En 2003 le respondió a una diputada del Partido de los Trabajadores: “Yo no soy violador, pero si lo fuera, no la iba a violar porque usted no lo merece”.
En 2011 se refirió a los homosexuales: “Sería incapaz de amar un hijo homosexual. No voy a ser hipócrita aquí. Prefiero que un hijo mío muera en un accidente a que aparezca con un bigotudo por ahí”.
Y en 2016 opinó: “El error de la dictadura fue torturar y no matar”.
El 28 de octubre de 2018, Jair Messias Bolsonaro fue elegido presidente del Brasil, con más del 55% de los votos emitidos en la segunda vuelta contra el candidato del Partido de los Trabajadores, Fernando Haddad.
¿Cómo es posible que un hombre capaz de decir tantas atrocidades se convierta en el presidente del país más poderoso de Latinoamérica?
¿Es que acaso la mayoría de los brasileños está a favor de la tortura o de la más vulgar falta de respeto hacia las mujeres; más de la mitad de los votantes preferiría un hijo muerto, antes que un hijo homosexual; y 56 millones creen que los militares debieron asesinar a más personas mientras gobernaron?
La verdad es que, en medio de los festejos por el arrollador triunfo, la gente en las calles no hablaba de homosexuales, ni de muerte, ni de torturas, ni de mujeres avasalladas. En realidad, los votantes de Bolsonaro repetían una sola consigna casi al unísono: “Basta de PT… Basta de corrupción”.
A Bolsonaro lo precede un gobierno que pasará a la historia como el encargado de perfeccionar un mecanismo fenomenal de corrupción, que no sólo involucró de manera directa a los máximos referentes del Partido de los Trabajadores, sino a representantes de todo el abanico político brasileño. De hecho, los partidos tradicionales están prácticamente agonizantes.
Mal que les pese a tantos políticos que se aferran a miradas mesiánicas y personalistas, los gobernantes son apenas fruto de las circunstancias.
Es probable que los brasileños jamás hubieran votado por un personaje como Bolsonaro, si quienes gobernaron el país durante las últimas décadas no hubiesen abusado del poder como lo hicieron.
Está claro que no se trata de izquierdas y derechas, sino de una reacción ante el hartazgo y la impotencia. En la vereda de enfrente, Hugo Chávez también llegó al poder en Venezuela como rechazo a una clase política decadente, corrompida y mediocre. Veinte años después, la sociedad venezolana continúa sufriendo ante la profundización de las divisiones, el autoritarismo y la pobreza.
Los extremos son siempre peligrosos. No sólo por la manera en que se desenvuelven en el poder, sino porque suelen incubar reacciones extremas.
¿Hará Bolsonaro todo lo que dijo una vez que asuma en el gobierno?
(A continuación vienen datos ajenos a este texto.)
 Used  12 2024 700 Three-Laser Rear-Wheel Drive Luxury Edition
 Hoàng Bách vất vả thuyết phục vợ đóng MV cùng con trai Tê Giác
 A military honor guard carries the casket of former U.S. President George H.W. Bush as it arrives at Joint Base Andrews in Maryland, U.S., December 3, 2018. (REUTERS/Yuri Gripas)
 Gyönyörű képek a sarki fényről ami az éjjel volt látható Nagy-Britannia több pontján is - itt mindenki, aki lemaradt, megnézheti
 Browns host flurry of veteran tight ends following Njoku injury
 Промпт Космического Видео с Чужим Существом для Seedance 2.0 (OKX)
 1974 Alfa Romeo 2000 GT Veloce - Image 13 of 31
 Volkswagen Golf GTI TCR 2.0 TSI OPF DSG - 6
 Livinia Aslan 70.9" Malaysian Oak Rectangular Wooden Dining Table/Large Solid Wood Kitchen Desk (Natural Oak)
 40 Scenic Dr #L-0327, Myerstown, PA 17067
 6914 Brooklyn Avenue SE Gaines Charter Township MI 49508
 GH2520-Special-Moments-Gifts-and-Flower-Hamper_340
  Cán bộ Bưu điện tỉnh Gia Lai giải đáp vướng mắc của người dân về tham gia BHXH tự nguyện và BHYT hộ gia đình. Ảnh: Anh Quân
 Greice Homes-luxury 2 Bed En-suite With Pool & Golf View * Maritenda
Por ahora, nadie lo sabe, aunque no parece sencillo que eso suceda. Una vez allí, deberá rendir cuentas a quienes no lo votaron, y también a quienes lo eligieron.
Quienes afirman con liviandad que los pueblos no se equivocan, están profundamente equivocados. La historia está plagada de ejemplos de siniestros personajes que llegaron al poder gracias al apoyo popular.
Por ahora, todo es incógnita. Probablemente este hombre que expresó abiertamente su odio hacia los negros, los pobres, las mujeres y el estado de derecho, jamás cumpla con lo que tanto ha pregonado.
Sin embargo, la puerta del espanto quedó inquietantemente entreabierta. Y el responsable de este salto al vacío, no es Jair Messias Bolsonaro.
Los que robaron, manipularon y estafaron, deberían pedir perdón por lo que hicieron, y por el sombrío futuro que ayudaron a construir.